A hint to Canada that it should not get swept up in its assumptions came June 2 from Bruce Heyman, the U.S. Ambassador to Canada, in his first speech since taking office in April.
He followed up Obama’s moves by calling for greater action against GHGs in Canada, including measures to tackle emissions from oil production.
“We need to continue to work together moving toward a low-carbon future, with alternative energy sources, with greater energy efficiency, and sustainable extraction of our oil and gas reserves,” he said.
Heyman said North America’s “newfound energy abundance should not distract us from the need to improve efficiency and combat climate change. This is not a task we can take on individually. It can only be successfully challenged together.”
He made no mention of XL or any other large-scale projects and gave no indication whether the regulations on coal emissions could have an impact on Canada.
However, Prime Minister Stephen Harper has consistently delivered a message over the years that Canada wants to coincide its carbon emissions policy with that in the United States.
But he appeared to vacillate in the House of Commons on June 2, suggesting that comparisons relate to how Canada and the U.S. treat their coal-fired plants, not how they are dealing with overall GHG emissions.
Harper argued that Obama is trailing Canada by two years in moving against coal-fired plants and is “taking actions that do not go nearly as far as this government went.”
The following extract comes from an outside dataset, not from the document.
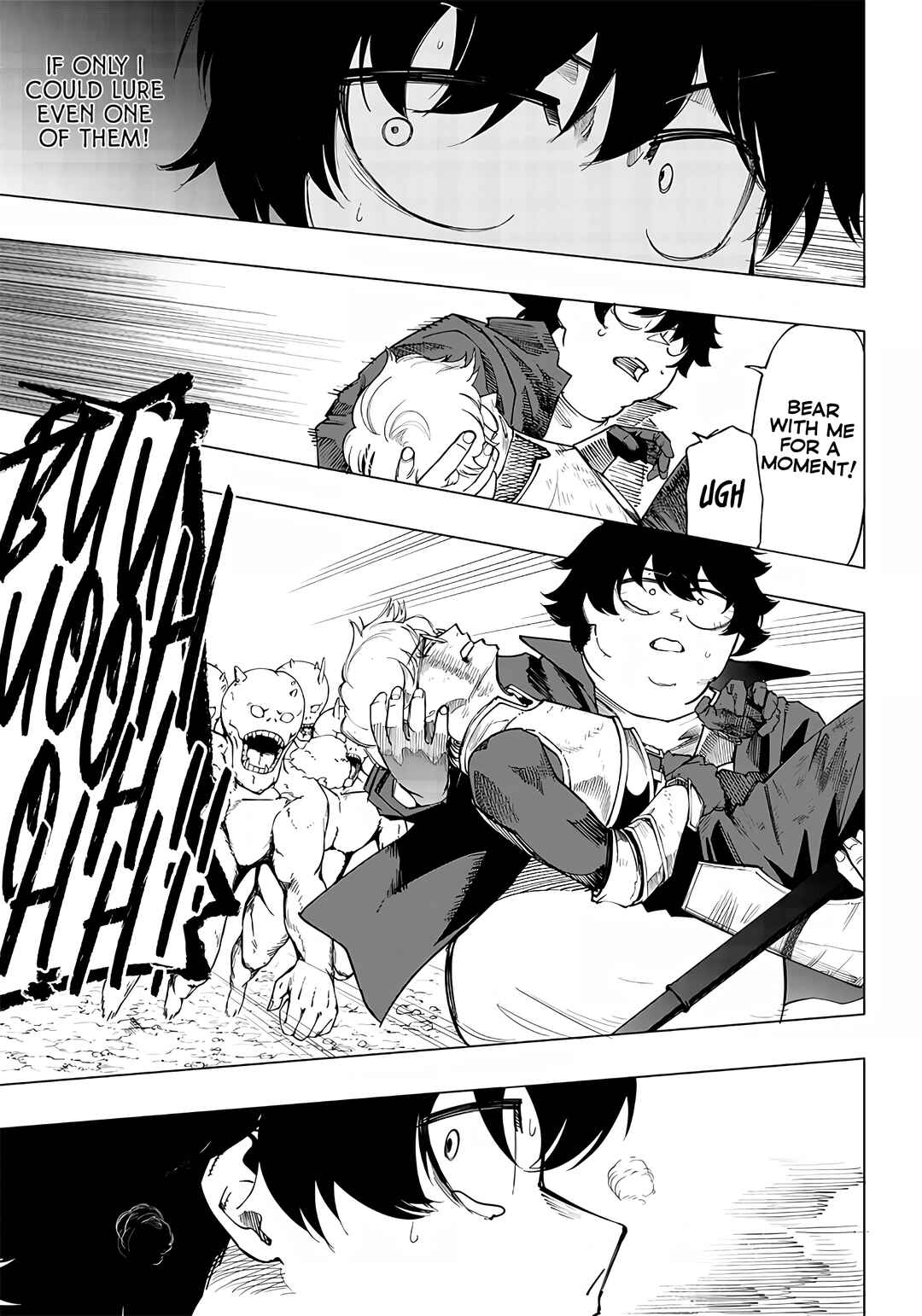 Page 11 Chapter 10 Wazawai no Avalon ~Game Saijaku no Akuyaku Debu ni Teni Shita kedo, Ore dake Yasereba Tsuyokute New Game na Sekai datta no de, Saisoku Level Up & Hametsu Flag Kaihi de Kage no Eiyuu wo Mezashimasu~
University of British Columbia professor Kathryn Harrison, a specialist on global climate policies, told the Globe and Mail that Obama’s measures are designed to move the U.S. far ahead of Canada in reducing emissions to 17 percent below 205 levels by 2020, having already reached 7.5 percent.
Alberta’s view
While it waits to see what steps Harper might take, the Alberta government is making independent moves to introduce rules that it hopes will make progress in tipping the scales towards major energy projects, notably export pipelines to serve the U.S., Asia and Europe.
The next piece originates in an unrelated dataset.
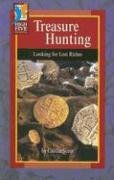 9780736828253: Treasure Hunting: Looking for Lost Riches (High Five Reading)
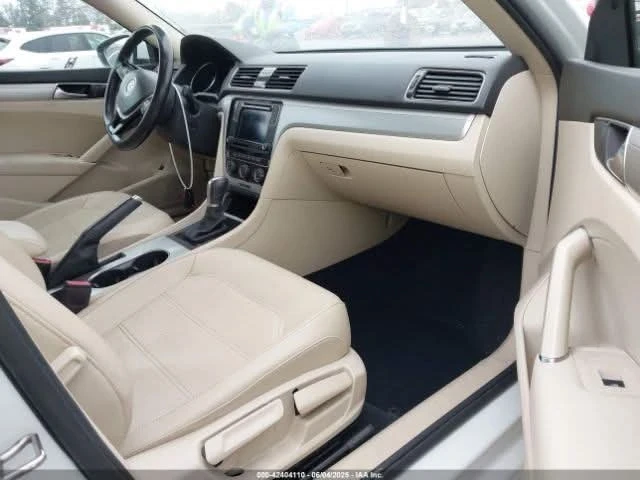 VW Passat 2.0T - изображение 10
The government’s Alberta Energy Regulator was given authority in April to force companies to conserve excess gases emitted from oil sands operations rather than venting them into the atmosphere or burning them off.
But the rules are confined to facilities identified as a health threat to residents in the oil sands region, notably Native communities, and are not a blanket requirement to eliminate all gas emissions.
Alberta Finance Minister Doug Horner has complained that his province does not get enough credit for the environmental initiatives it has taken, such as a requirement for oil sands producers to reduce GHGs by12 percent per barrel, or pay a penalty of C$15 per metric ton above the cap.
That’s a message the Alberta industry and government continue spreading to lawmakers in Washington, D.C., although the government is confronted with demands to know why it has not yet acted on a proposal floated a year ago to reduce emissions by 40 percent a barrel and to increase the penalty to C$40 per metric ton.
Horner, echoing the federal government, has said the industry is reluctant to endorse those measures until Canada and the United States agree to parallel emissions rules.
Many observers share a view that if Canada wants to turn the tide of XL opposition, it must get serious about overall emissions. Now Obama, without casting his final vote on XL, may have tightened the screws on his northern neighbor.